== EXERCISE GOAL ==
Starting at the line that contains "5531 Rosehill Road, Unit" and stopping at the line that contains "Used 2026 Land", restate each line of the records below exactly. Omit the pictures.

== RECORDS FOR THE TASK ==
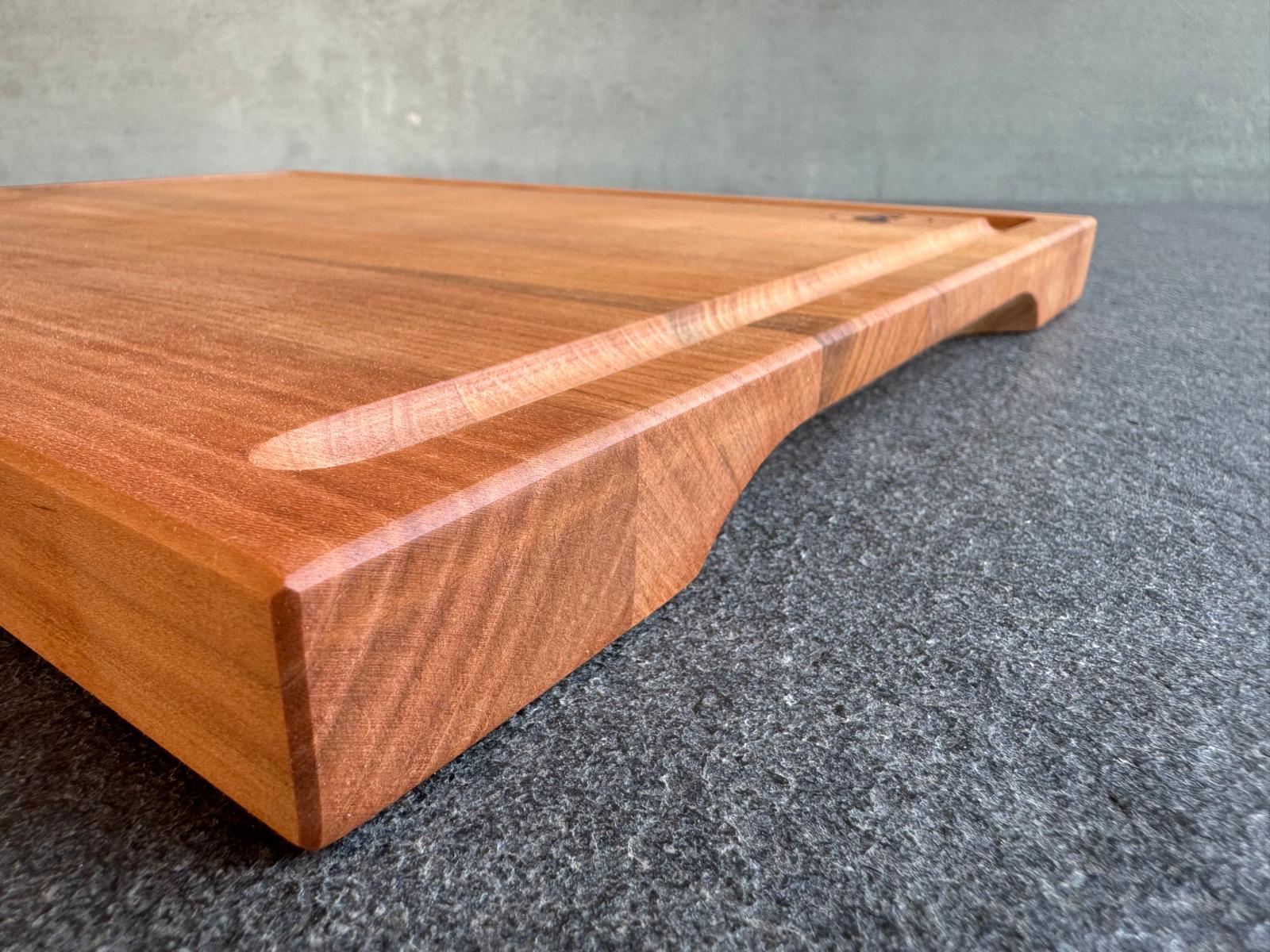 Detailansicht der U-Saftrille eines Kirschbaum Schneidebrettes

* * *

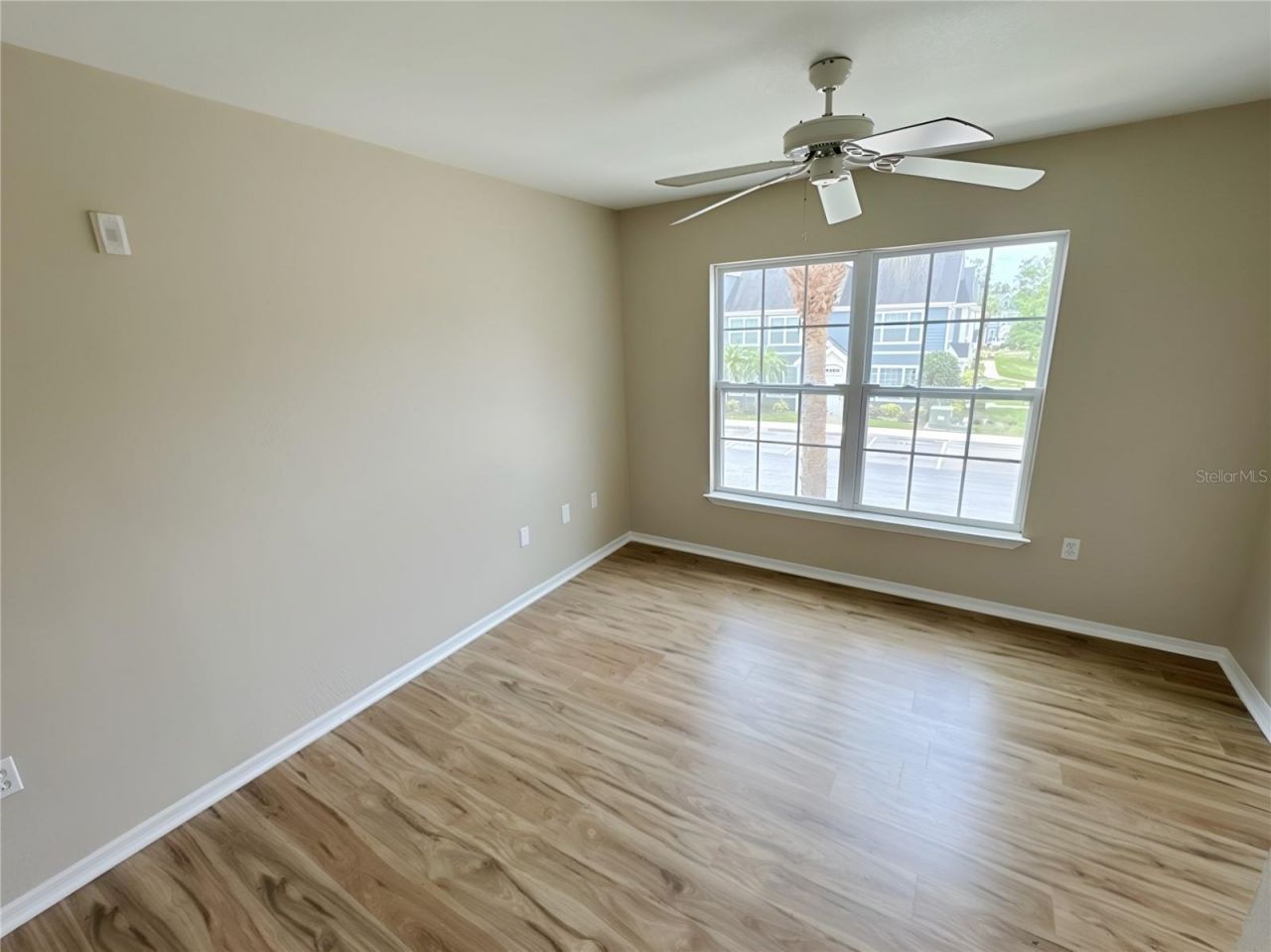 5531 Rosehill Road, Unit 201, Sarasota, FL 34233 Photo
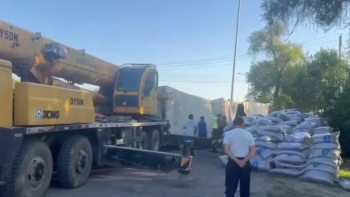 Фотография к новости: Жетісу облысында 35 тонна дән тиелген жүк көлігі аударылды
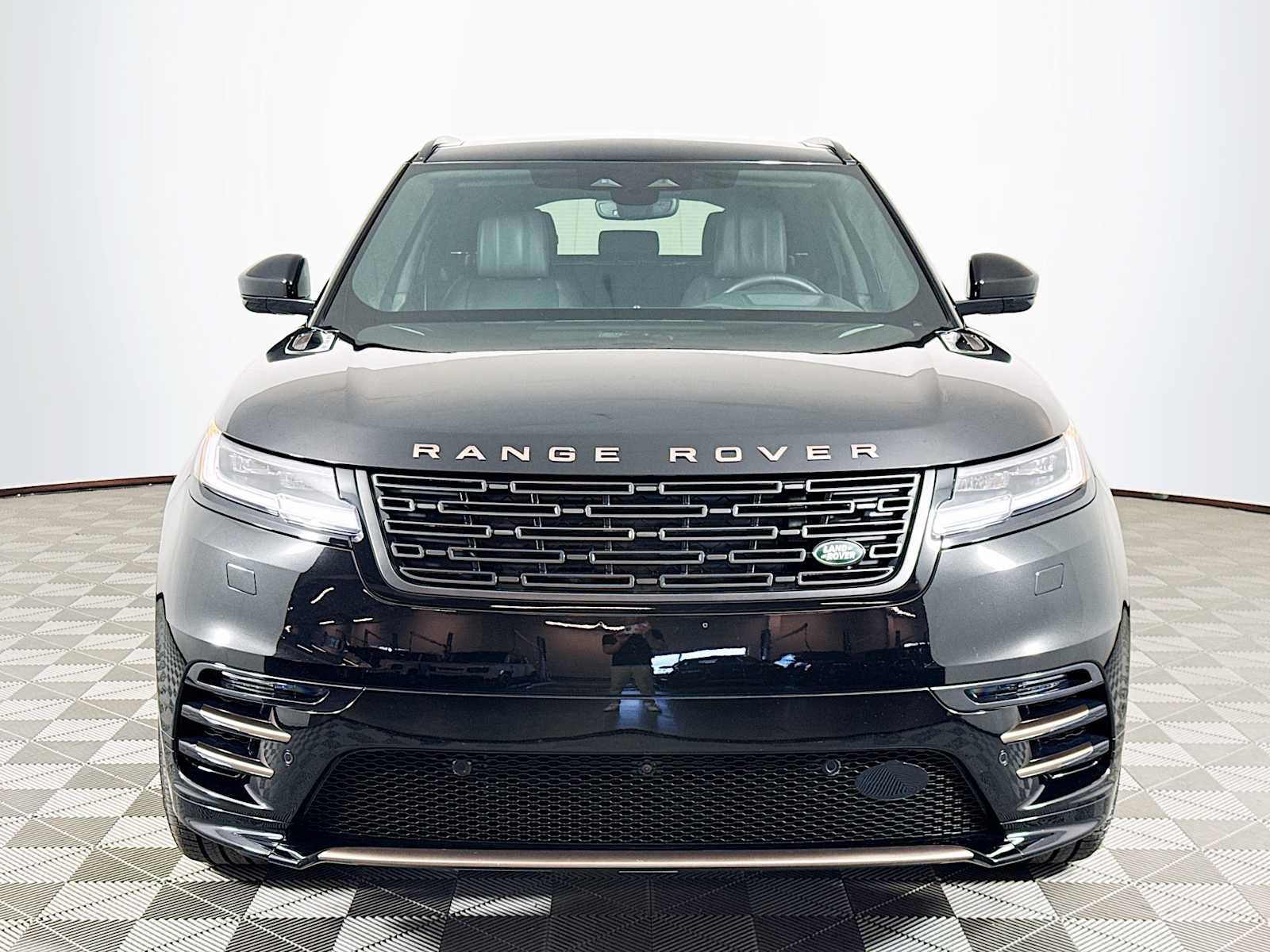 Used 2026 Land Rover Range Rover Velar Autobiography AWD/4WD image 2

== SOLUTION BELOW ==
 5531 Rosehill Road, Unit 201, Sarasota, FL 34233 Photo
 Фотография к новости: Жетісу облысында 35 тонна дән тиелген жүк көлігі аударылды
 Used 2026 Land Rover Range Rover Velar Autobiography AWD/4WD image 2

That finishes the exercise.